On 2010-04-20 18:05, Jonathan Lange wrote:

Jono, thanks for showing us more of the breadth of this problem beyond my own very limited research.

People not familiar with distributed version control fail to
figure out how to start a branch.  Project owners set up translations
exports to nonexistent branches.
I am familiar with DVCS and I think I'd be tripped up by this one.
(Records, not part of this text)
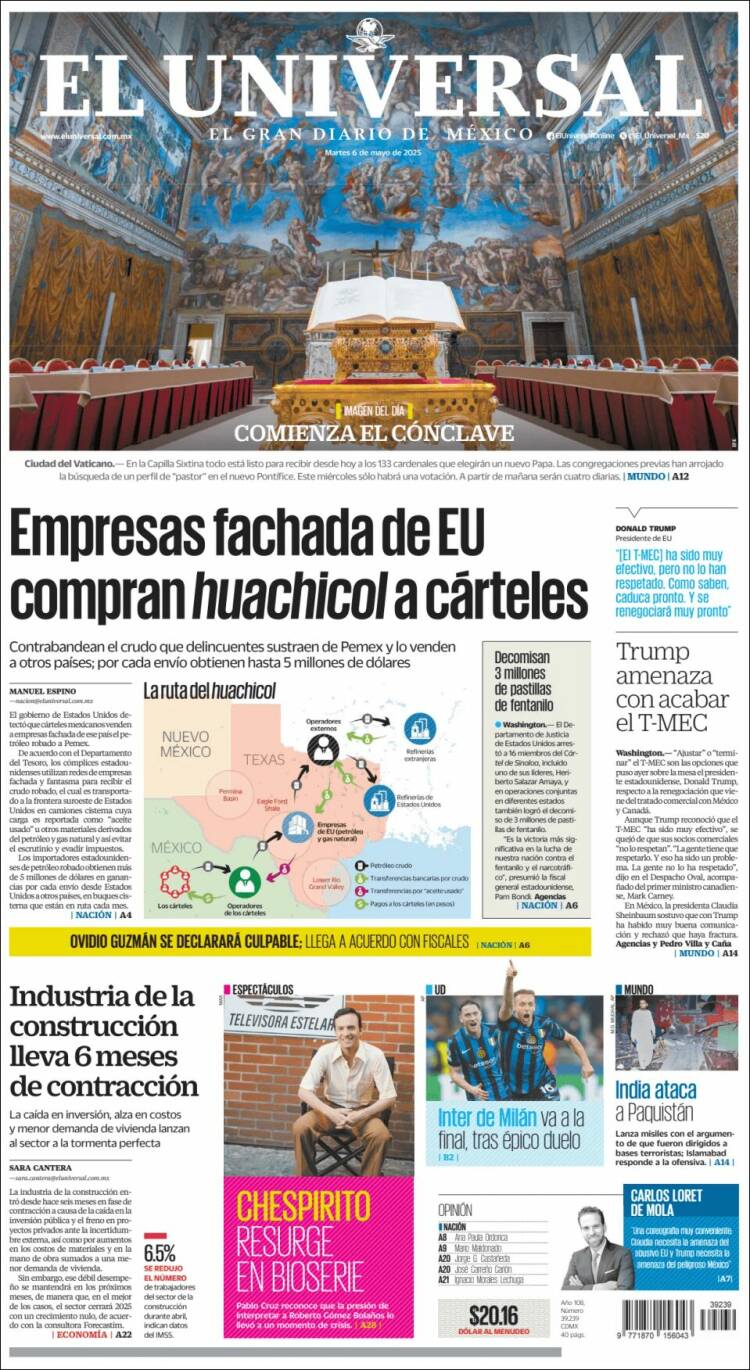 Portada de El Universal (México)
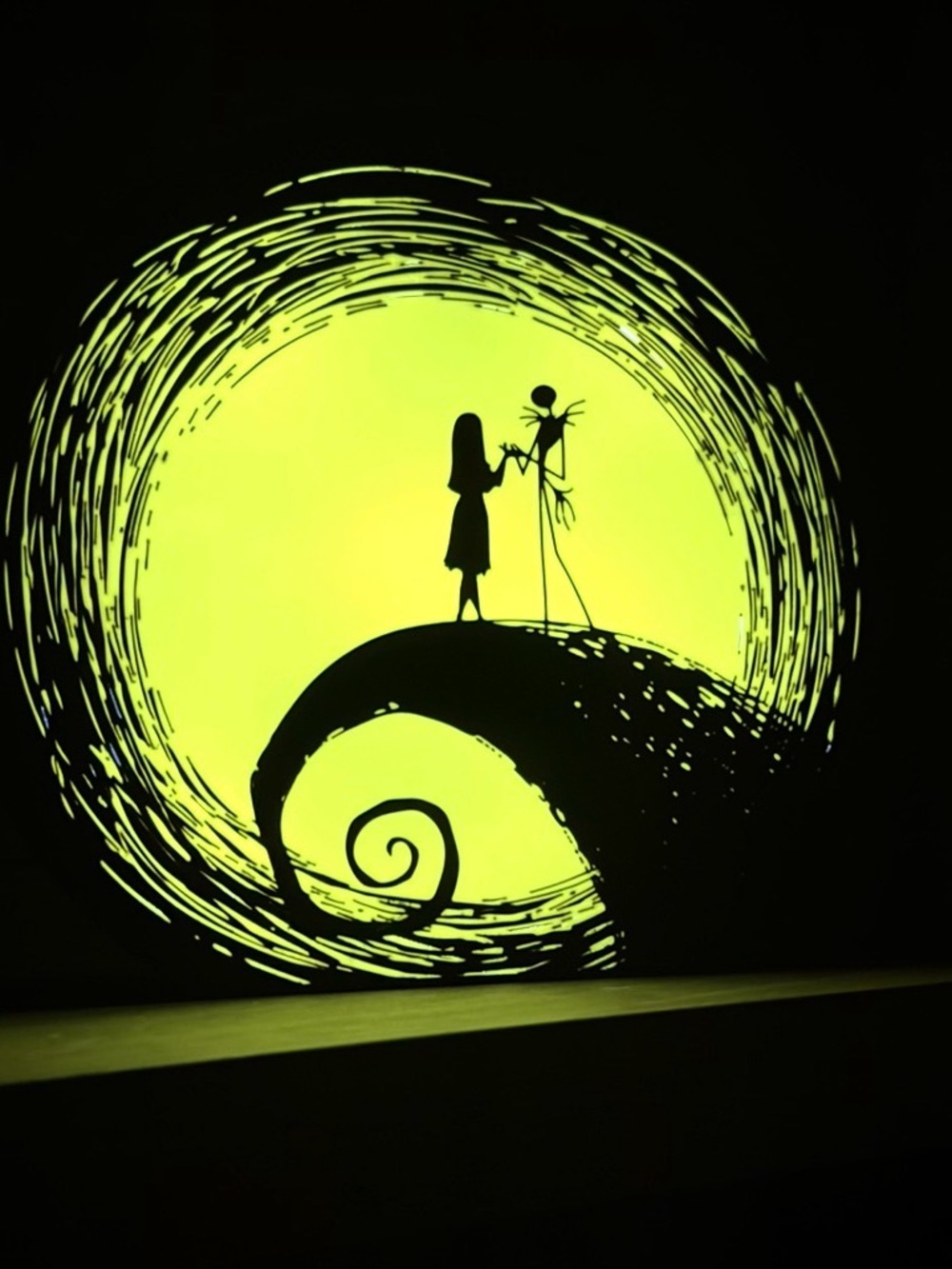 Silhouette Moon Wall Art Print in Neon Green Sally & Jack Skeleton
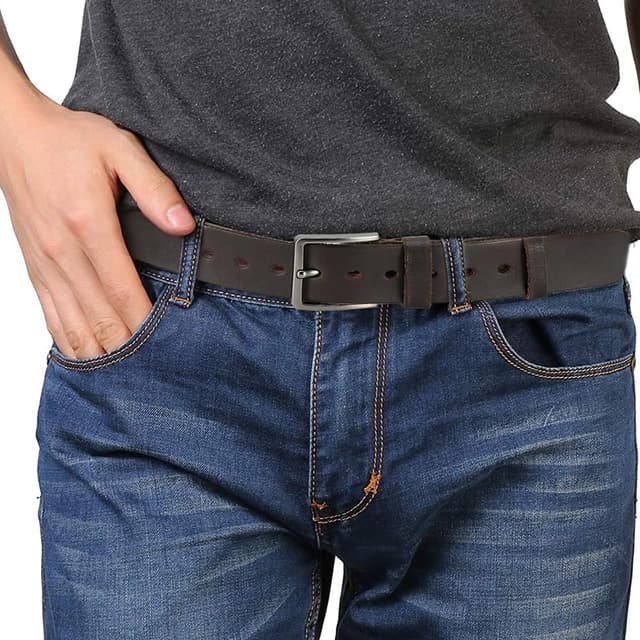 Detalle de DOOPAI Herren-Gürtel aus Vollleder mit verstellbarer Metallschnalle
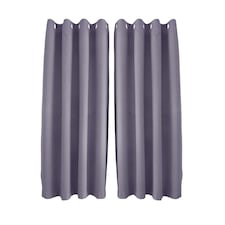Purple Mauve Linen Blackout Eyelet Curtains - 46x54 Inch Drop  2 Panel Purple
Why
doesn't the translations exporter create a new branch?
Because there are choices to be made that we probably don't fully 
understand ourselves.  Does the user have the right branch sitting 
around somewhere that we don't know about?  What if they push it just as 
we try to create it?  What if they want to use the branch for merging 
with their development branch?  What if that's not the one selected in 
Launchpad for whatever reason (e.g. because that's a mirror of a bzr 
branch hosted elsewhere)?  Do they have any restrictions on versions and 
formats, e.g. because they are running stable OSs for a long time?
We did ask the bzr folks and were assured that creating an empty branch 
would not be the right thing to do.  The suggestion was not to offer 
unpushed branches for selection, but on reflection I think that would 
just be moving the hamster around under the carpet.  Why your branch 
doesn't show up in the selector would be highly nonobvious.
I now see this also came up in the discussion for bug 368312, which you 
pointed to.

  "Configure a series branch" on a product
series can appear to do nothing, with no next steps becoming obvious (bug
567065).
Looking at the bug, I think that's a different problem too.
Definitely.  See the "without absolving" clause.  The point is that it 
is related, and a fix for 567065 would benefit further from the other 
changes.

1. For branches that have had no changes scanned yet, lots of places that
link to them could benefit from a standardized warning icon and tooltip, or
even a full paragraph.  Maybe even all places.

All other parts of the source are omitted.